Each line from the one containing "Philippe Grisard - Fleur d'Altesse" to the end of the data must be copied exactly, the first and last included; no other lines and no pictures belong in the copy.

+--

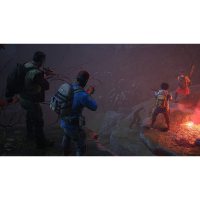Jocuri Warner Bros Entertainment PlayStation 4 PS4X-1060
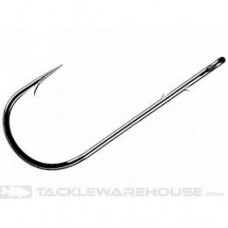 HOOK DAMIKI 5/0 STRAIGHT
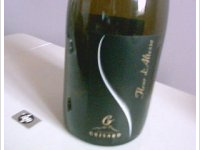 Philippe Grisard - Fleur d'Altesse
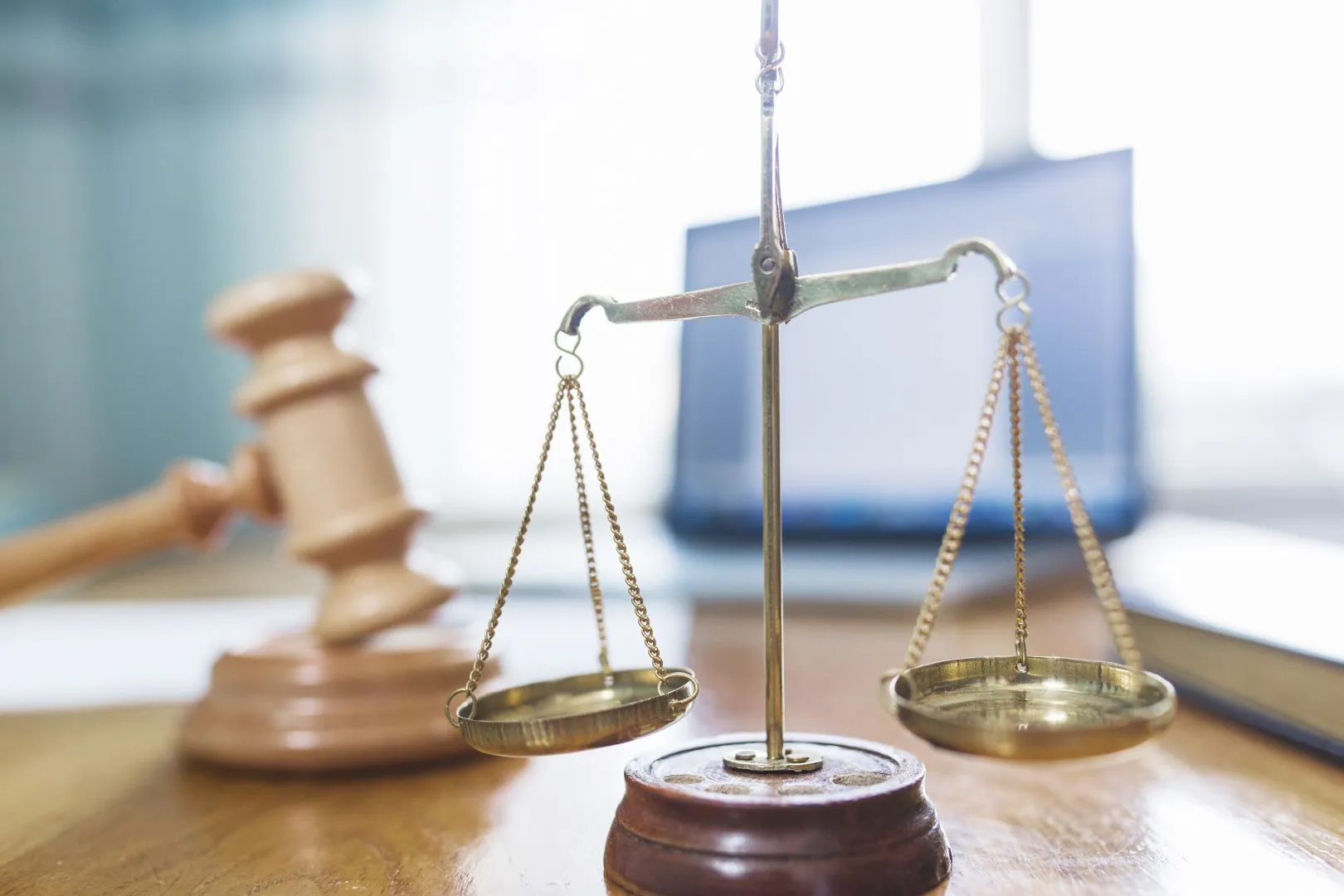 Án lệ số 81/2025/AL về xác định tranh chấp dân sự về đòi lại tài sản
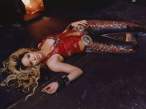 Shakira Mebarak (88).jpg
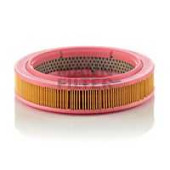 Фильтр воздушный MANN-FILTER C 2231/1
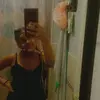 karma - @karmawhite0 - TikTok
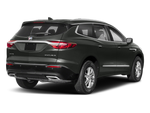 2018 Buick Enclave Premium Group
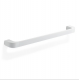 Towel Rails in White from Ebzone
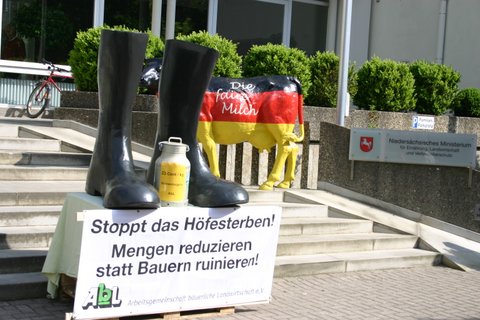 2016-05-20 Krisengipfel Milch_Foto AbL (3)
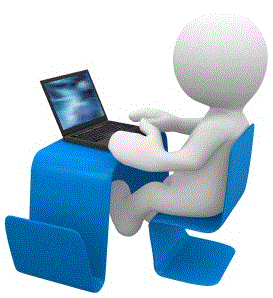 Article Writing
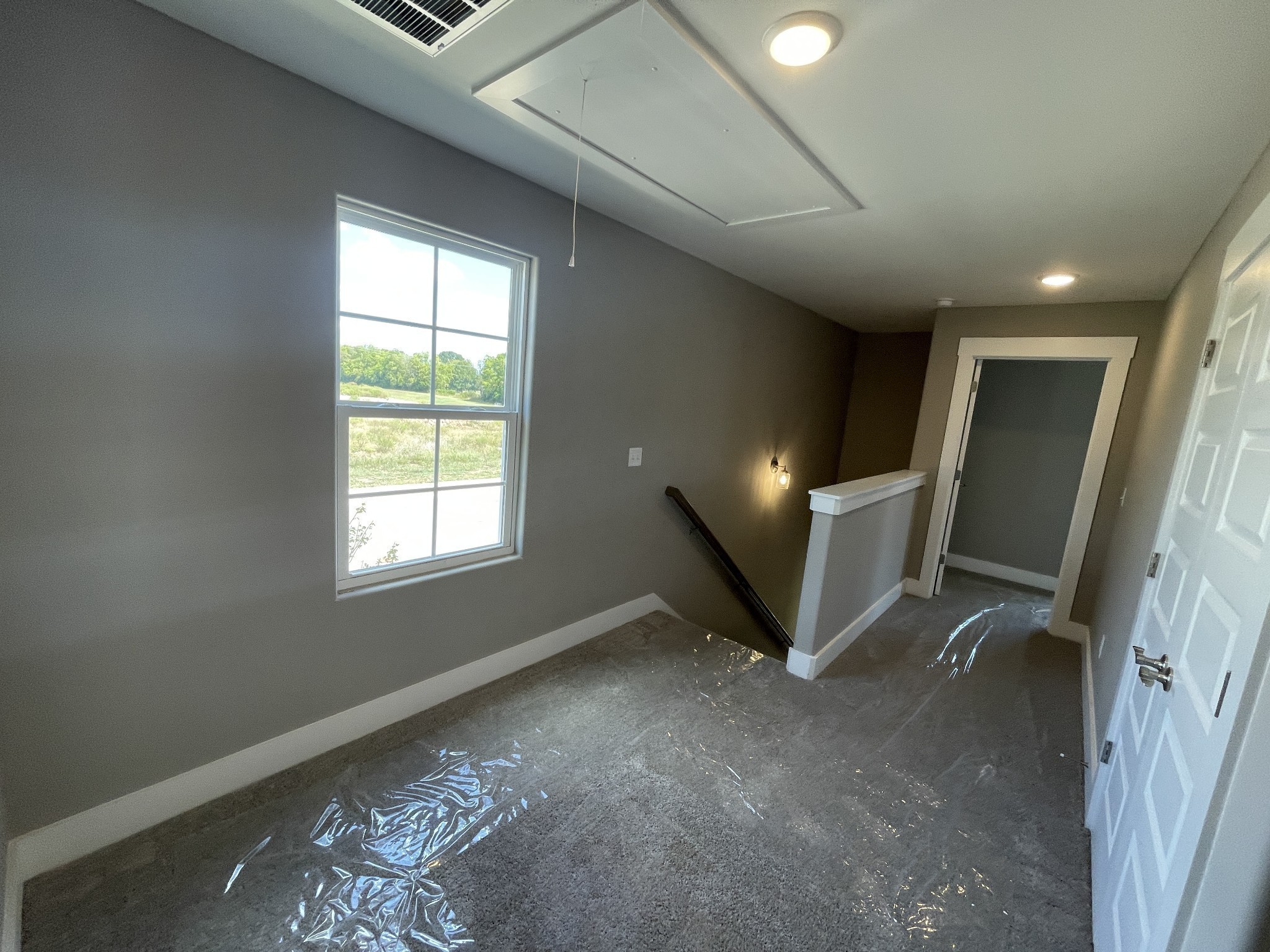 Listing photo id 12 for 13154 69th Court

+--

→ **Written solution**
 Philippe Grisard - Fleur d'Altesse
 Án lệ số 81/2025/AL về xác định tranh chấp dân sự về đòi lại tài sản
 Shakira Mebarak (88).jpg
 Фильтр воздушный MANN-FILTER C 2231/1
 karma - @karmawhite0 - TikTok
 2018 Buick Enclave Premium Group
 Towel Rails in White from Ebzone
 2016-05-20 Krisengipfel Milch_Foto AbL (3)
 Article Writing
 Listing photo id 12 for 13154 69th Court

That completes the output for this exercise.